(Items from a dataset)
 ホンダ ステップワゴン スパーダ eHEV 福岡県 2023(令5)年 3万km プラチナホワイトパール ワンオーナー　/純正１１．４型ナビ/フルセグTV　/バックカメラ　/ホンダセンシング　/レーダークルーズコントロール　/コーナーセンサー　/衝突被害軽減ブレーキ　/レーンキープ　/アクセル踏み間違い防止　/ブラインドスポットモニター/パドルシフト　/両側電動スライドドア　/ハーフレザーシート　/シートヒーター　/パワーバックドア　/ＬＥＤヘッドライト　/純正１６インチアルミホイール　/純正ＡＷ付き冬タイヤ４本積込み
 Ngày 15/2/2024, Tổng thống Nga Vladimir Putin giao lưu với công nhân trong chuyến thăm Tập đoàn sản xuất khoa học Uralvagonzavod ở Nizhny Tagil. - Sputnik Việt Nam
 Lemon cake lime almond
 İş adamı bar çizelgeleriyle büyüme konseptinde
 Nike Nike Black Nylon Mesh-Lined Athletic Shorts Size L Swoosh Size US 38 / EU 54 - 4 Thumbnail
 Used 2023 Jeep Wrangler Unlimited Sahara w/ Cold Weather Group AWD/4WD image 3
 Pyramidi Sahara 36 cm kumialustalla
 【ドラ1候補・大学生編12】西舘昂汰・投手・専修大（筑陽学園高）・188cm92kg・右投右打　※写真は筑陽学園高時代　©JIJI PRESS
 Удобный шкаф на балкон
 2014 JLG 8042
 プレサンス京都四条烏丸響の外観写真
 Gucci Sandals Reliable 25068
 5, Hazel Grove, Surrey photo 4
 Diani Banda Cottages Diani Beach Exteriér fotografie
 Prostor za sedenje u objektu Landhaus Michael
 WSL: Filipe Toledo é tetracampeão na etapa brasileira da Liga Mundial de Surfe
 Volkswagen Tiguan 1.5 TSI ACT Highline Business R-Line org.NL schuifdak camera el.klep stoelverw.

» **Try it**:
The answer should consist of every entry, repeated word for word.

» **Task output**:
 ホンダ ステップワゴン スパーダ eHEV 福岡県 2023(令5)年 3万km プラチナホワイトパール ワンオーナー　/純正１１．４型ナビ/フルセグTV　/バックカメラ　/ホンダセンシング　/レーダークルーズコントロール　/コーナーセンサー　/衝突被害軽減ブレーキ　/レーンキープ　/アクセル踏み間違い防止　/ブラインドスポットモニター/パドルシフト　/両側電動スライドドア　/ハーフレザーシート　/シートヒーター　/パワーバックドア　/ＬＥＤヘッドライト　/純正１６インチアルミホイール　/純正ＡＷ付き冬タイヤ４本積込み
 Ngày 15/2/2024, Tổng thống Nga Vladimir Putin giao lưu với công nhân trong chuyến thăm Tập đoàn sản xuất khoa học Uralvagonzavod ở Nizhny Tagil. - Sputnik Việt Nam
 Lemon cake lime almond
 İş adamı bar çizelgeleriyle büyüme konseptinde
 Nike Nike Black Nylon Mesh-Lined Athletic Shorts Size L Swoosh Size US 38 / EU 54 - 4 Thumbnail
 Used 2023 Jeep Wrangler Unlimited Sahara w/ Cold Weather Group AWD/4WD image 3
 Pyramidi Sahara 36 cm kumialustalla
 【ドラ1候補・大学生編12】西舘昂汰・投手・専修大（筑陽学園高）・188cm92kg・右投右打　※写真は筑陽学園高時代　©JIJI PRESS
 Удобный шкаф на балкон
 2014 JLG 8042
 プレサンス京都四条烏丸響の外観写真
 Gucci Sandals Reliable 25068
 5, Hazel Grove, Surrey photo 4
 Diani Banda Cottages Diani Beach Exteriér fotografie
 Prostor za sedenje u objektu Landhaus Michael
 WSL: Filipe Toledo é tetracampeão na etapa brasileira da Liga Mundial de Surfe
 Volkswagen Tiguan 1.5 TSI ACT Highline Business R-Line org.NL schuifdak camera el.klep stoelverw.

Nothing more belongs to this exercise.